Grandi mostre. 2
Picasso e la musica a Parigi

VIBRAZIONI SONORE
IN CARNE E OSSA

Picasso è sempre stato attratto dalla musica, non c’è dubbio. Ma qual era il genere che più amava? E come si è tradotta questa passione da lui sperimentata anche attraverso l’analisi di strumenti quali, soprattutto, chitarre, violini e mandolini? L’esposizione parigina intende rispondere a questi e ad altri quesiti per svelare componenti non ancora indagate dell’inesauribile creatività dell’artista spagnolo.

Valeria Caldelli

Una pipa, un bicchiere, una bottiglia della birra preferita - marca Bass -, un asso di fiori e due dadi come simbolo della sorte. E una chitarra a forma di cuore che virtualmente avvolge tutto. In alto uno spartito senza note, in basso una scritta grande in stampatello: «MA JOLIE». L’anno è il 1914, la guerra si avvicina ma Picasso è innamorato e il “refrain” di una canzonetta cantata dal popolare Harry Fragson si trasforma così nella sua dichiarazione d’amore. Non era la prima volta che l’artista spagnolo dedicava le parole di quel ritornello alla sua compagna inserendole nelle composizioni cubiste. Lei, la musaamica- amante del momento, era una brunetta, aspirante ballerina dal carattere pacato che si chiamava Marcelle Humbert, Eva per Picasso, in quanto simbolo di tutte le donne. La canzone, invece, diventava quasi un inno alla gioia di vivere.
Come era fatto, dunque, l’universo musicale del genio indiscusso dell’arte del Novecento? Qual era il suo rapporto con quelle vibrazioni sonore che, proprio come la pittura, generano emozioni e passioni? A cercare una risposta è la mostra Les musiques de Picasso alla Cité de la musique - Philharmonie de Paris, offrendoci, con oltre duecento opere, l’immersione in un percorso non ancora esplorato che attraverso dipinti, sculture, costumi e strumenti passa dalle scene di vita gitana ai suonatori di flauto, dai musicisti del circo alle chitarre cubiste, fino ai Balletti russi e ai baccanali in cui rivive l’antichità classica.
«Il percorso dell’esposizione permette di seguire tutta la vita e la carriera dell’artista in modo cronologico e tematico, riunendo molte opere che testimoniano il suo legame costante con la musica», spiega la curatrice della mostra, Cécile Godefroy. «Così notiamo come il rapporto si sia sviluppato nel corso degli anni, degli spostamenti dell’artista e delle sue relazioni sociali. Tutti i periodi della sua carriera sono rappresentati perché la musica ha sempre accompagnato Picasso, sia nelle sue opere che nelle sue amicizie».

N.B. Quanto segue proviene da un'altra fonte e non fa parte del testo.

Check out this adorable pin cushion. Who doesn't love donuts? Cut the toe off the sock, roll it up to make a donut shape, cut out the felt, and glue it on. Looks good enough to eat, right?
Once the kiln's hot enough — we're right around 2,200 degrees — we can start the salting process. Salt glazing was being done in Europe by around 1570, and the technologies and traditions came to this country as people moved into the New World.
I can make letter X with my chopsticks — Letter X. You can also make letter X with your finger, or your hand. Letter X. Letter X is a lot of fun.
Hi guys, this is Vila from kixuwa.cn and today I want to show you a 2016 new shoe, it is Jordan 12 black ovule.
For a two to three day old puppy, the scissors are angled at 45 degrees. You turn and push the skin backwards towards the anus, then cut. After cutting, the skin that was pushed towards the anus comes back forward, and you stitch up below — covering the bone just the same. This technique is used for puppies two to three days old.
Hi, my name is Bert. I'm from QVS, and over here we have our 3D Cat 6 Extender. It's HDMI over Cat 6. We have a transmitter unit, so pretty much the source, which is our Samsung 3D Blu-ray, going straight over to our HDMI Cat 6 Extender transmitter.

Il flauto di Pan (1923), Parigi, Musée National Picasso-Paris.

Musica popolare, quella che si suonava nei cabaret parigini, che veniva dalle chitarre spagnole, dai ritmi incalzanti dei suonatori di strada


Eppure Picasso non amava la musica. O almeno così sosteneva lui stesso. «Quando si parla di arte astratta si dice sempre che è come la musica. E quando vogliamo dire bene di qualcosa lo paragoniamo alla musica. Tutto diventa musica», affermava. E concludeva: «Credo che sia per questo che io non amo la musica».

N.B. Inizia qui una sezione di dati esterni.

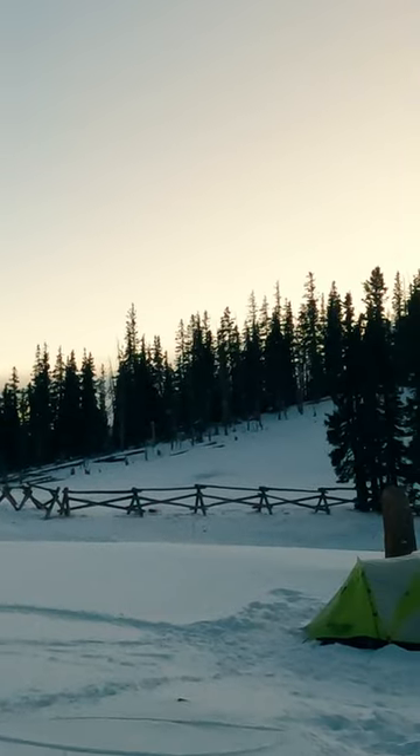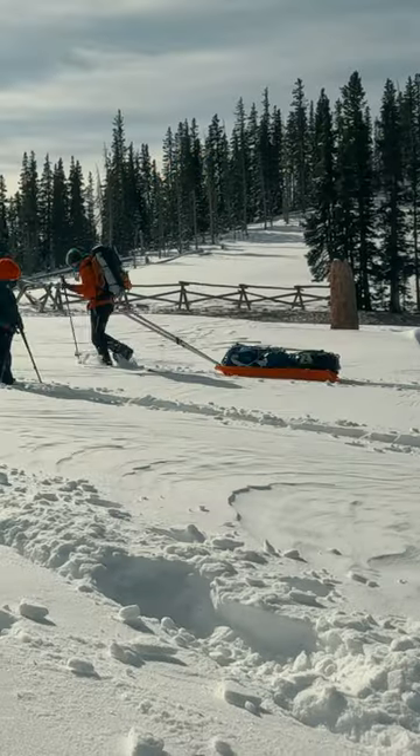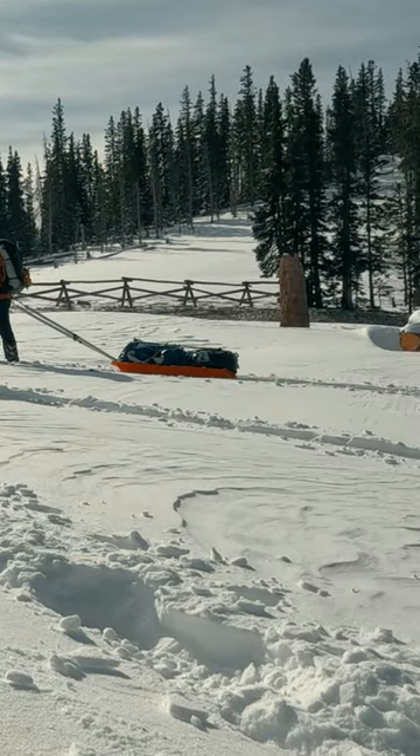There are many challenges to winter camping, but as with anything there are also some advantages. One advantage is the ease with which you can prep the ground for your campsite.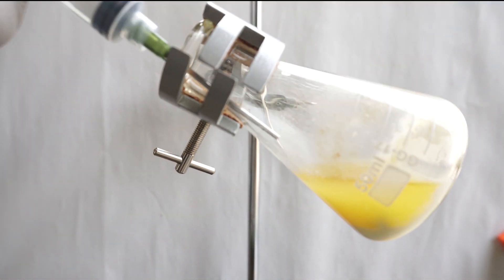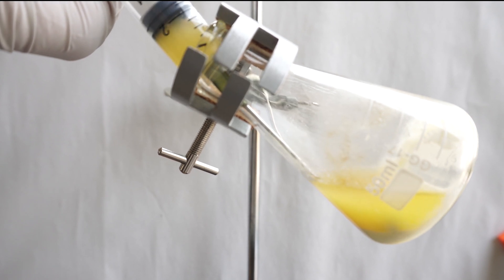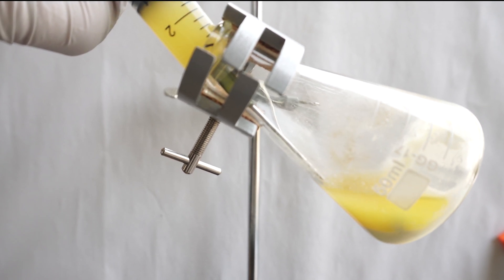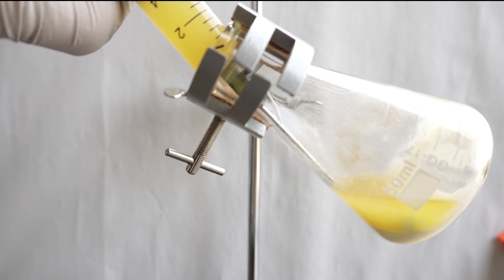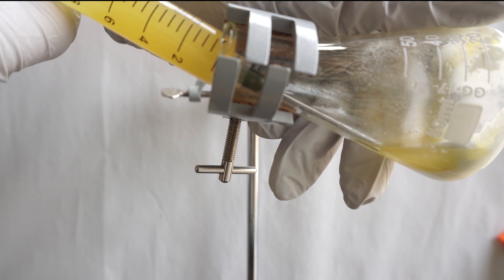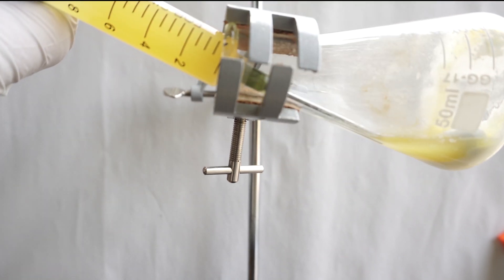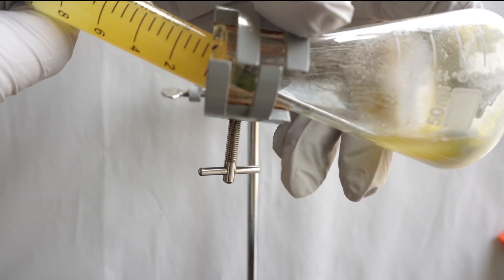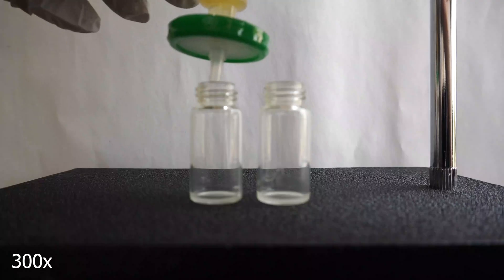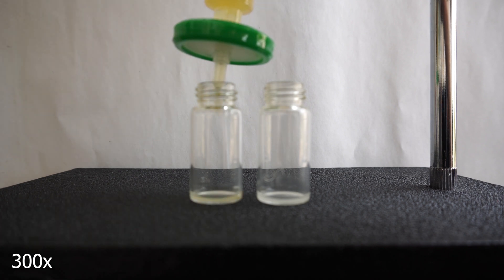Once all of the particles have sunk to the bottom, we are able to pull the top cadaverine and ethanol layer into a syringe, followed by running it through a syringe filter to further remove any of the powder that got brought with it. Take care not to press too hard on the syringe filter as they can be ruptured.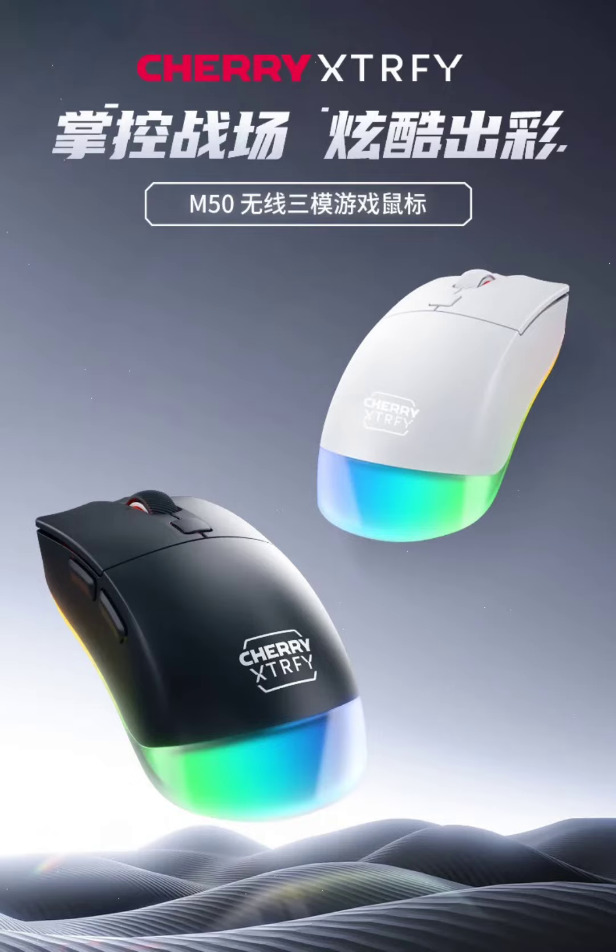The standout feature of the mouse is its lighting effects. The mouse includes a unique circular light strip that extends from the tail to the base and is adjustable. This feature not only adds to the visual excitement but also allows users to personalize their gaming setup.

Certo è vero che l’uomo e l’artista non furono mai “contagiati” dalle note classiche, nonostante l’amicizia con Stravinskij, nonostante i numerosi compositori che frequentavano la casa parigina di rue La Boétie, dove Picasso viveva con la prima moglie Olga, e nonostante i tentativi dell’amico Max Jacob che in gioventù aveva tentato di iniziarlo al pianoforte e all’opera lirica trascinandolo anche più volte a vedere La bohème. Ma un’altra musica, quella popolare, quella che si suonava nei cabaret parigini, che veniva dalle chitarre spagnole, dai ritmi incalzanti dei suonatori di strada e dagli accompagnamenti sonori della corrida, lo attirava invece come una calamita. E se succede che nell’iniziale elaborazione del linguaggio cubista la musica resti assente, è evidente come invece questa entri con forza nelle opere degli anni successivi.


Il concerto (1965).


Arlecchino con chitarra (1918).

Saranno soprattutto le chitarre, i violini e i mandolini a essere osservati, sezionati e analizzati in numerose composizioni, non tanto come strumenti “parlanti” che provocano emozioni, quanto come elementi di una sperimentazione senza freni. «Smontata, appiattita o ricomposta nelle forme di un assemblaggio di fortuna, la chitarra è l’oggetto che l’artista scompone di più nei vari pezzi - rosone, cassa, tavola armonica, colli e tasti - al fine di ristabilirne “l’idea” più liberamente », scrive Cécile Godefroy nel catalogo della mostra. Non solo. Per meglio comprendere questo “utensile” Picasso, che non sapeva suonare, tappezzava le pareti del suo atelier con una serie di strumenti a corda, mentre altri ne fabbricava lui stesso in cartone. Quella che appariva sulle pareti del suo studio era una messa in scena quasi teatrale a cui si aggiunse presto una vera e propria “installazione”, dove le lunghe braccia di un musicista dalla testa sintetizzata con tratti cubisti uscivano dalla tela per sorreggere una chitarra vera. Una ventina di questi strumenti appartenuti all’artista sono stati restaurati e ora vengono presentati per la prima volta nella esposizione parigina, insieme a fotografie, disegni e lettere che ci restituiscono il suo mondo musicale. Furono loro, chitarre e mandolini appesi come quadri, a fornire l’occasione per approfondire le nozioni di volume, di vuoto e di pieno, diventando un mezzo per “studiare” meglio gli oggetti reali, così poi da smembrarli sulla tela. Furono sempre loro a essere nella lista degli interpreti principali delle sue rivoluzionarie scenografie. Forse anche perché la chitarra, come il violino, ha forme sinuose che ricordano il corpo femminile e, come una donna, si anima se pizzichi le sue corde. Fatti non secondari trattandosi di Picasso, uomo dal temperamento passionale. «Certo, la chitarra è uno strumento sensuale, dalle forme arrotondate, che diventa viva suonando», conferma la curatrice della mostra. «Alcune opere di Picasso - disegni e pitture - ne sottolineano la dimensione antropomorfa, tanto che qualche volta la troviamo a sostituire il corpo di una donna. La chitarra è anche metaforica, lo strumento attraverso il quale l’artista dichiara i suoi amori, da Eva Gouel a Marie-Thérèse Walter. Ma soprattutto la chitarra è di provenienza spagnola, e quindi rimanda Picasso alle sue proprie origini, al flamenco andaluso, di cui era così appassionato».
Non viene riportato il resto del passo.